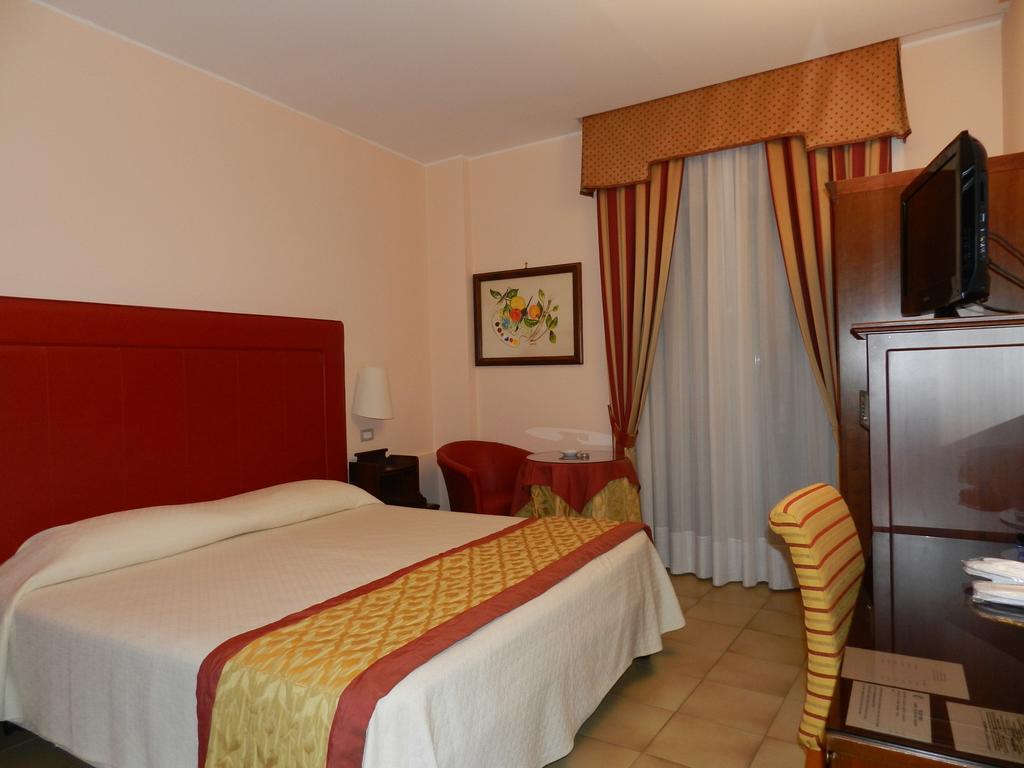 Hotel Il Mulino Capo dʼOrlando Extérieur photo
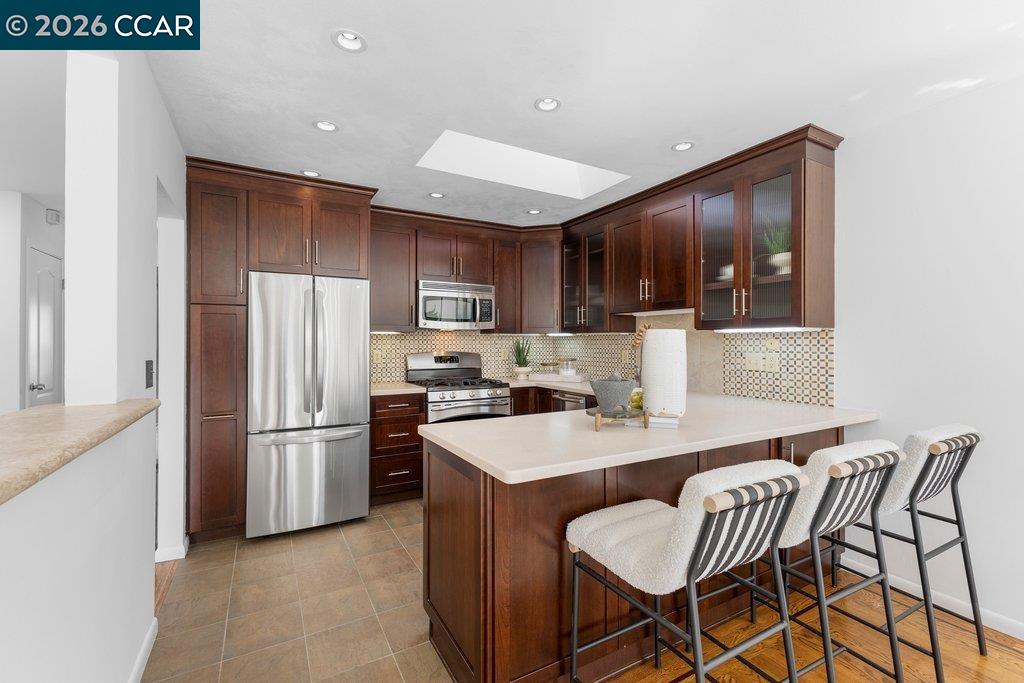 Detail Gallery Image 15 of 48 For 121 Bradford St, San Francisco,  CA 94110 - 3 Beds | 2 Baths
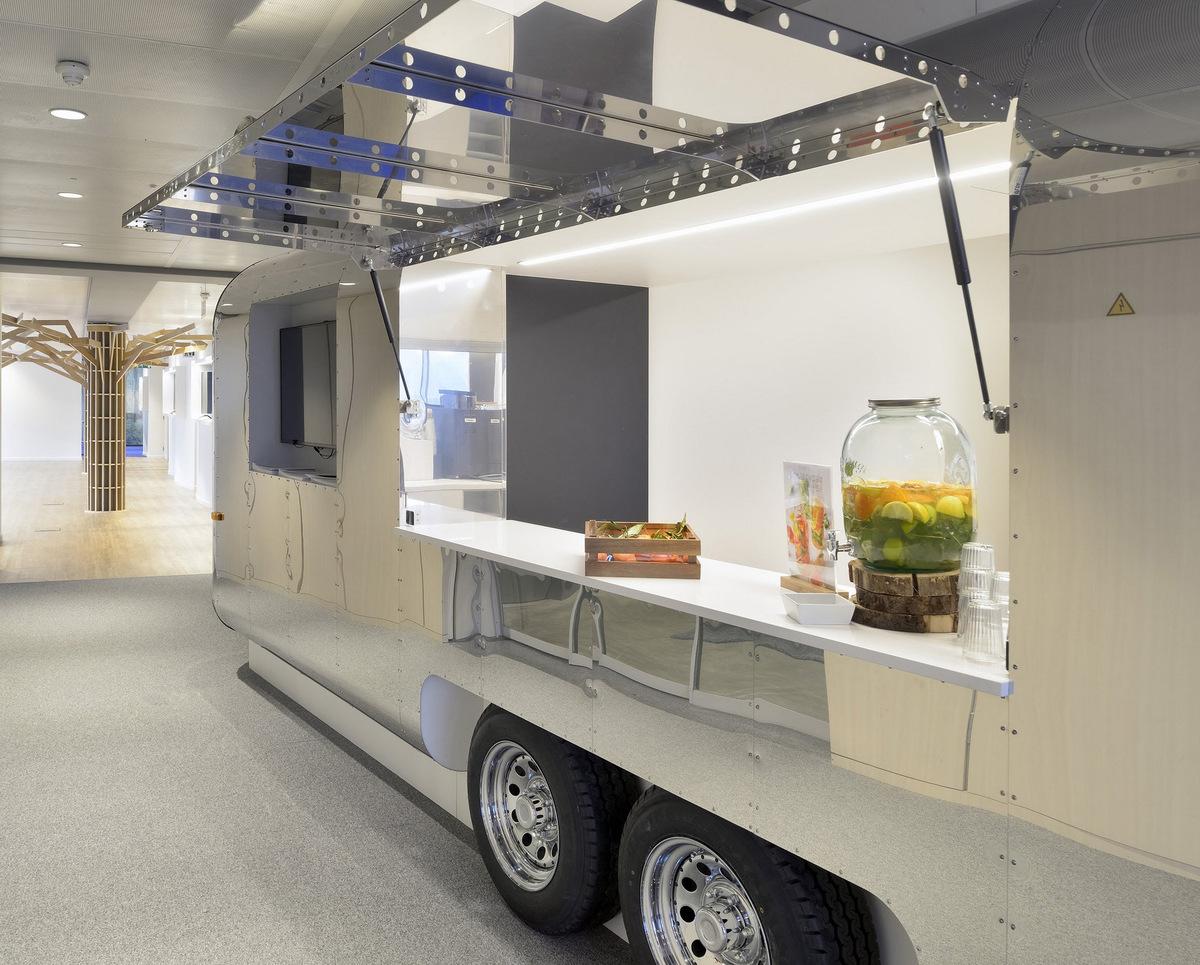 比利时布鲁塞尔 Agoria 科技休闲办公空间-12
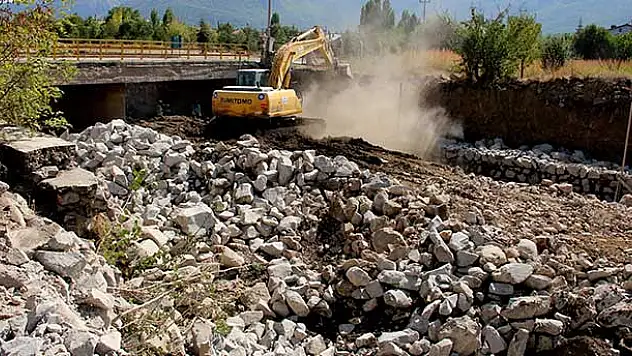 Seydişehir'de Akçay Deresi ıslah ediliyor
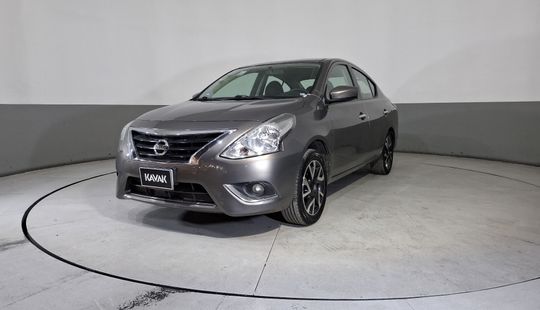 Nissan • Versa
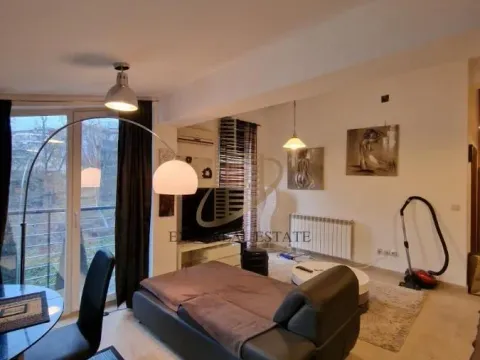 Izdavanje, trosoban stan, 75m², Savski Venac, Beograd - image 2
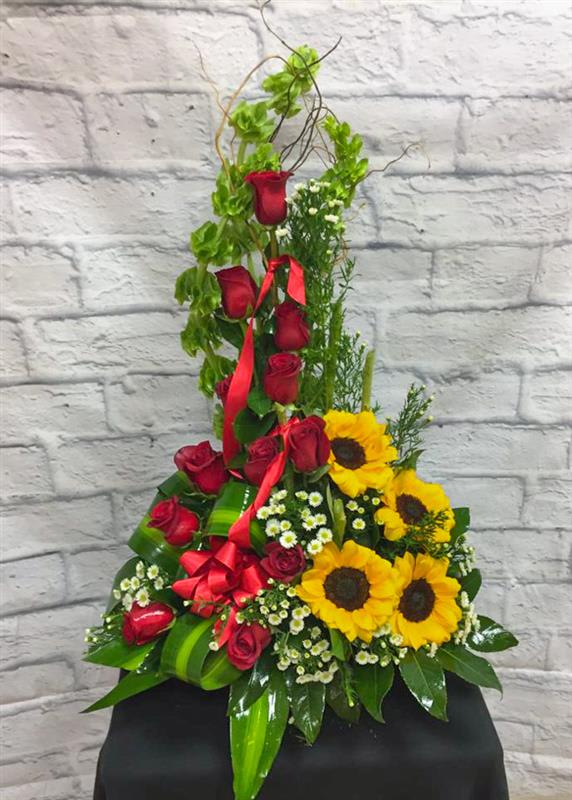 VD---- Arreglo de rosas y girasoles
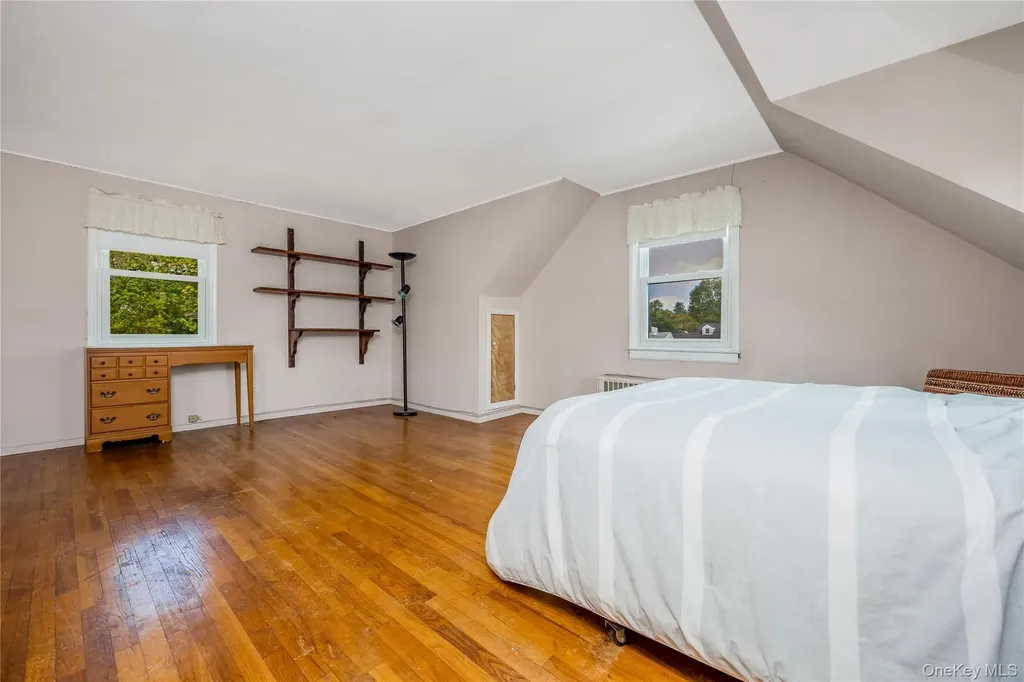 142 Elkton Lane North Babylon NY 11703
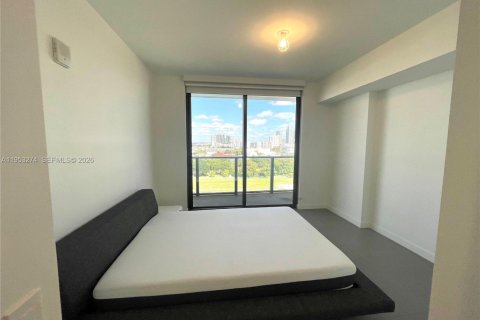 Apartamento en alquiler en Miami, Florida, 1 dormitorio, 70.05 m2 № 2054624 - foto 11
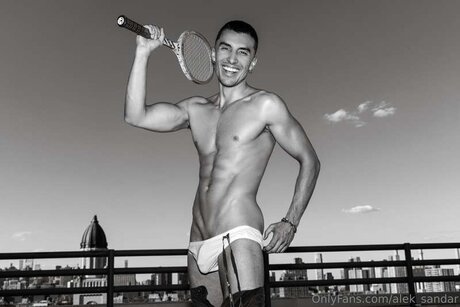 Alek Sandar modelo porno galerías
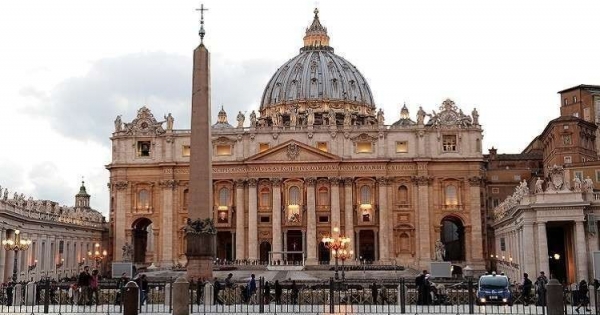 الفاتيكان يعلن إعادة فتح أبواب كاتدرائية القديس بطرس أمام السياح الجمعة ١٥ أيار ٢٠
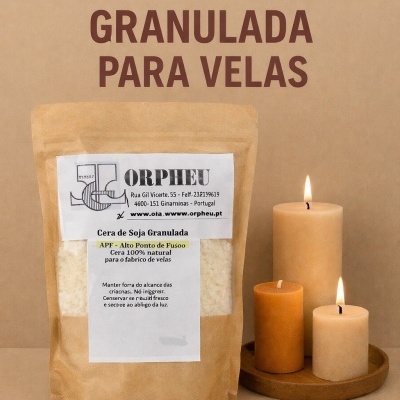 Pacote de cera de soja granulada com etiquetas e três velas acesas ao lado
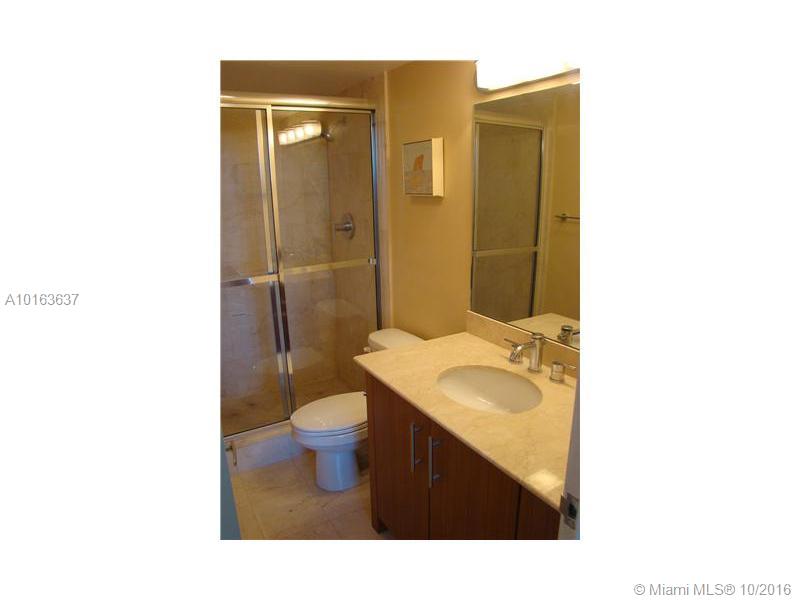 Harbour House Condo - Residential Lease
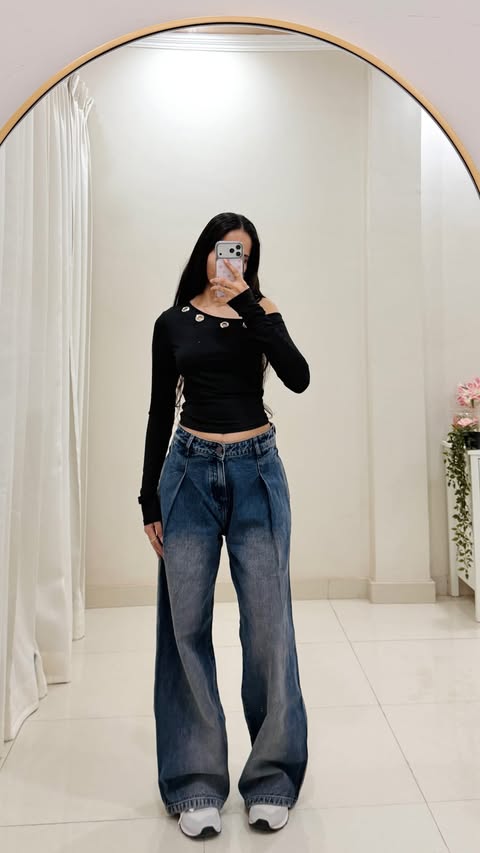 Instagram post by @tanisha_diary5 for NEWME. Caption reads: [...] - #jeans #denim #outfitinspo #haul #newme.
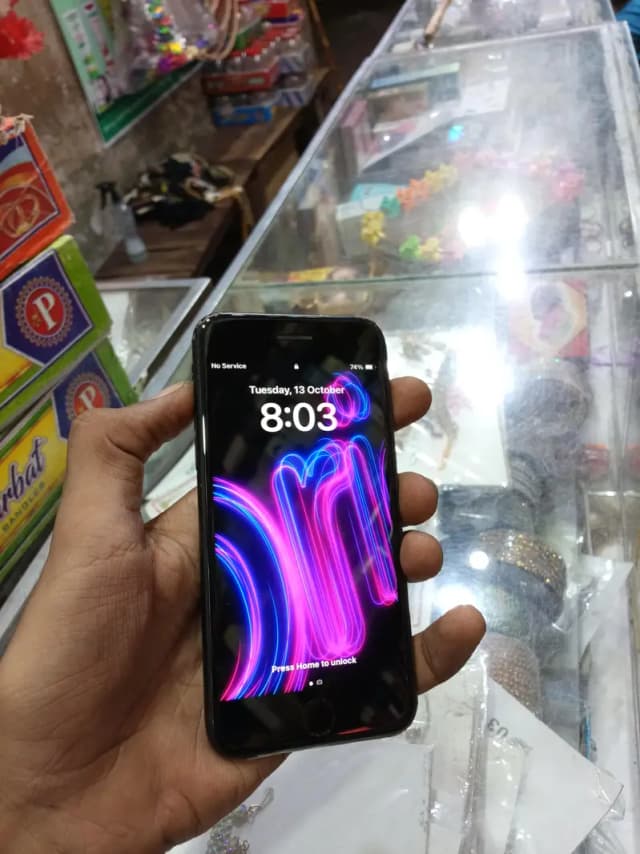 Apple iPhone SE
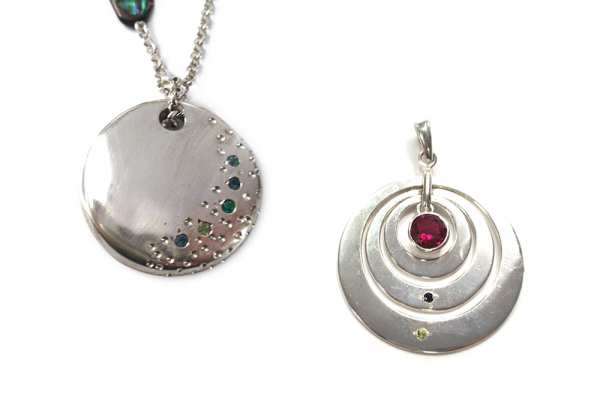 Friends pendants, by using everyone’s birthstones set into a pendant 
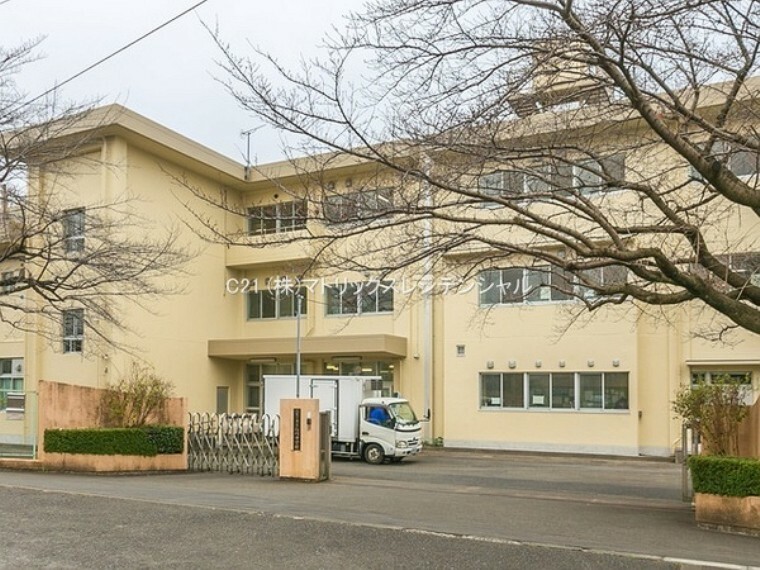 中学校 八王子市立石川中学校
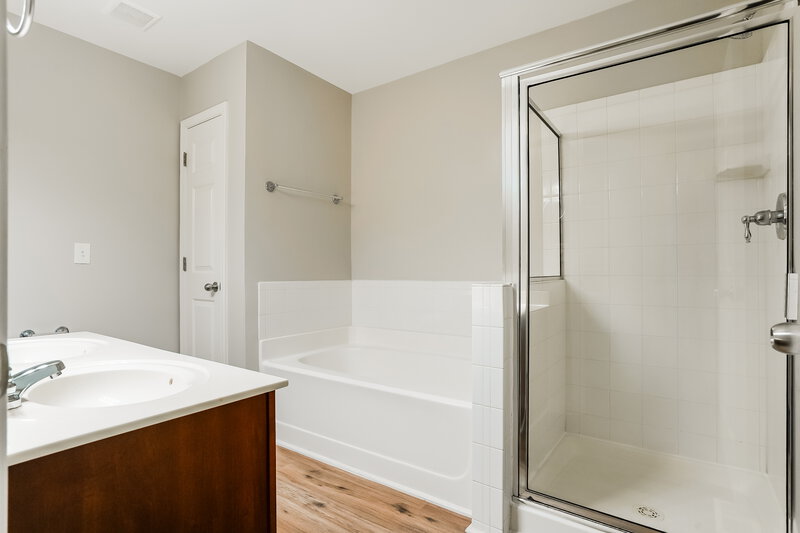 1,730/Mo, 311 Gilman Ln Unit 106 Raleigh, NC 27610 Main Bathroom View 2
━━━━━━━━━━━━━━━━
Task prompt
Give back the exact lines above, running from the one that has "Detail Gallery Image" through the one that has "142 Elkton Lane North Babylon NY 11703", with nothing added and no pictures.

Your solution
 Detail Gallery Image 15 of 48 For 121 Bradford St, San Francisco,  CA 94110 - 3 Beds | 2 Baths
 比利时布鲁塞尔 Agoria 科技休闲办公空间-12
 Seydişehir'de Akçay Deresi ıslah ediliyor
 Nissan • Versa
 Izdavanje, trosoban stan, 75m², Savski Venac, Beograd - image 2
 VD---- Arreglo de rosas y girasoles
 142 Elkton Lane North Babylon NY 11703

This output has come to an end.